■ INSTRUCTIONS FOR THE TASK ■
Each line from the start of the data below through the one containing "A mining farm" must be reproduced exactly.

Extracted records:

· · · · ·

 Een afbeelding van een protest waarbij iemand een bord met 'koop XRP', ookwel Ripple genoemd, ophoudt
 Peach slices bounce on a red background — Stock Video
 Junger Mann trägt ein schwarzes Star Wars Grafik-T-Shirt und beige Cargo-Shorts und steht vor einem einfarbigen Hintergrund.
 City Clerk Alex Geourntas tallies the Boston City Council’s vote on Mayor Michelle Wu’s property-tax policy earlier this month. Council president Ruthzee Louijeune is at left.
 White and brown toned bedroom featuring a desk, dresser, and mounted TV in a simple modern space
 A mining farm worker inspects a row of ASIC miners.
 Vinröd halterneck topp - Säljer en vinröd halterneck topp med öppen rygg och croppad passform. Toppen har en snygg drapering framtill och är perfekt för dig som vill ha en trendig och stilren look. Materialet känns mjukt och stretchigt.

· · · · ·

■ YOUR SOLUTION ■
 Een afbeelding van een protest waarbij iemand een bord met 'koop XRP', ookwel Ripple genoemd, ophoudt
 Peach slices bounce on a red background — Stock Video
 Junger Mann trägt ein schwarzes Star Wars Grafik-T-Shirt und beige Cargo-Shorts und steht vor einem einfarbigen Hintergrund.
 City Clerk Alex Geourntas tallies the Boston City Council’s vote on Mayor Michelle Wu’s property-tax policy earlier this month. Council president Ruthzee Louijeune is at left.
 White and brown toned bedroom featuring a desk, dresser, and mounted TV in a simple modern space
 A mining farm worker inspects a row of ASIC miners.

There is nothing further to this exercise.